Per queste ed altre ragioni, al netto di ogni più specifica e approfondita considerazione, non si può che esprimere un istintivo sentimento di approvazione per gli attivisti della Global Sumud Flottiglia. Non si può evitare di dire pane al pane e vino al vino per timore di un’eco riflessa delle parole o di un possibile fraintendimento delle intenzioni. Non ci si può accodare all’ infimo livello dei giornalacci nostrani e Greta Thunberg non può essere trattata con lo stesso tono di quando sulla barca ad emissioni zero del principe Casiraghi traversava l’Atlantico per recarsi al Climate Action Summit organizzato a New York dalle Nazioni Unite. Oggi alla ragazza svedese, e ai suoi attuali compagni di viaggio, sbeffeggiati e derisi dagli sgherri sionisti, non può che andare ammirazione e riconoscenza.

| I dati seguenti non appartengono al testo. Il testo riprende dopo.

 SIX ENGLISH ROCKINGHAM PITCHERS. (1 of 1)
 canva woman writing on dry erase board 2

Una totale riprovazione va invece indirizzata ai consueti toni sguaiati della Fratella d’Italia, ma anche a quelli melensi e ipocriti di un cardinale che fingendo di non capire l’effettiva questione del contendere (chi potrebbe essere così sprovveduto da prender sul serio la storia degli aiuti umanitari?) ha offerto la mediazione del patriarcato latino di Gerusalemme con tanto di gioco di sponda del Presidente della Repubblica, affinché le imbarcazioni degli attivisti dirigessero su Cipro. Altrettanto biasimevoli sono anche coloro che hanno parlato di incoscienza, alternando tale accusa con quella di essere in crociera (delle due o l’una o l’altra, si sarebbe detto quando la coerenza era considerata ancora un valore), mentre quell’ex direttore di Repubblica che riferendosi agli attivisti ha parlato di “violazione delle acque internazionali” merita una menzione particolare per il suo impareggiabile sprezzo del ridicolo. Fin qui la premessa facile e scontata, al limite dell’ovvietà ma per l’appunto doverosa.

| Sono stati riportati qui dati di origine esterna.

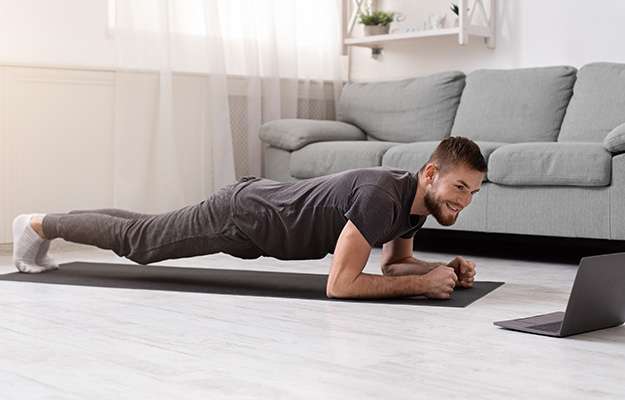 Young-man-doing-plank-exercise-ss-body | What Is A Weight Loss Plateau And How To Break It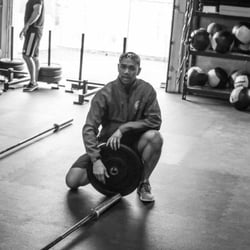 Engineered Bodies Strength & Conditioning - Anthony setting up the CrossFit demo workout.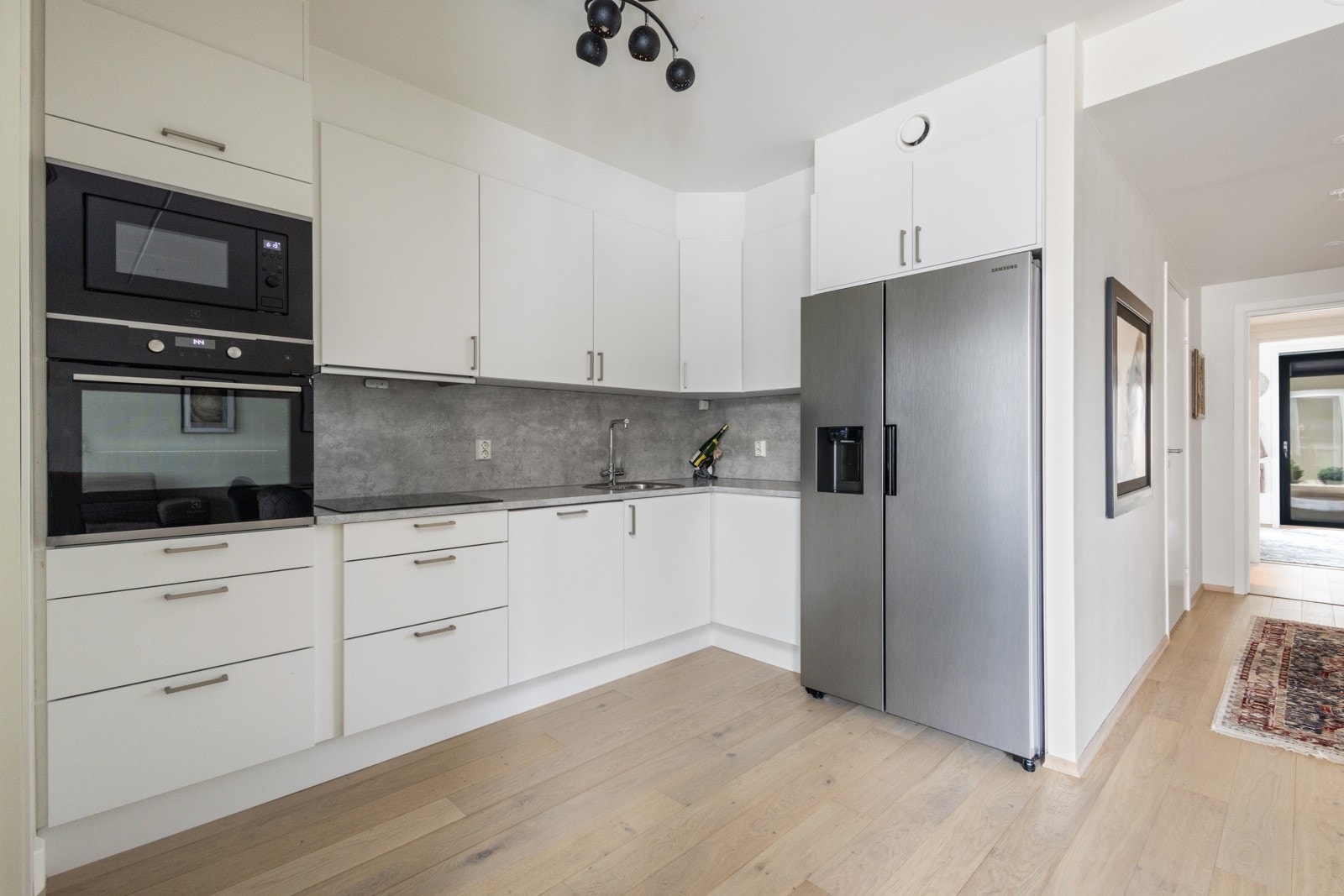 Pen kjøkkeninnredning med slette fronter, integrert stekeovn og mikro i ergonomisk høyde. Galleribilde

Ma tutto ciò detto e sottoscritto, corre l’obbligo di un’analisi critica e disincantata tanto dei fatti quanto delle azioni e delle reali intenzioni dei protagonisti, onde poter delineare risvolti e sviluppi futuri. Recita un proverbio tanto vecchio quanto abusato che delle buone intenzioni sono lastricate le vie dell’inferno. Ma siamo poi così sicuri che si tratti realmente buoni intenzioni? Con riferimento al caso italiano, che nell’impasse attuale dei partiti di opposizione la questione di Gaza si sia prestata ad una strumentalizzazione è del tutto evidente, così come altrettanto chiaro il rischio che la strumentalizzazione smascherata possa sortire un effetto del tutto opposto rispetto a quello auspicato. Detto brutalmente, al punto in cui siamo Gaza non ha bisogno della sinistra per veder crescere attenzione e considerazione; il grado di simpateticità per la causa palestinese è già abbondantemente maggioritario presso la società italiana. Viceversa, la sinistra, o per meglio dire tutto quello che politicamente non è di destra, danno quanto meno l’impressione di avere un dannato bisogno della questione Gaza al punto che è ormai molto difficile, se non praticamente impossibile, distinguere tra quelle fila sincerità e strumentalità degli intenti.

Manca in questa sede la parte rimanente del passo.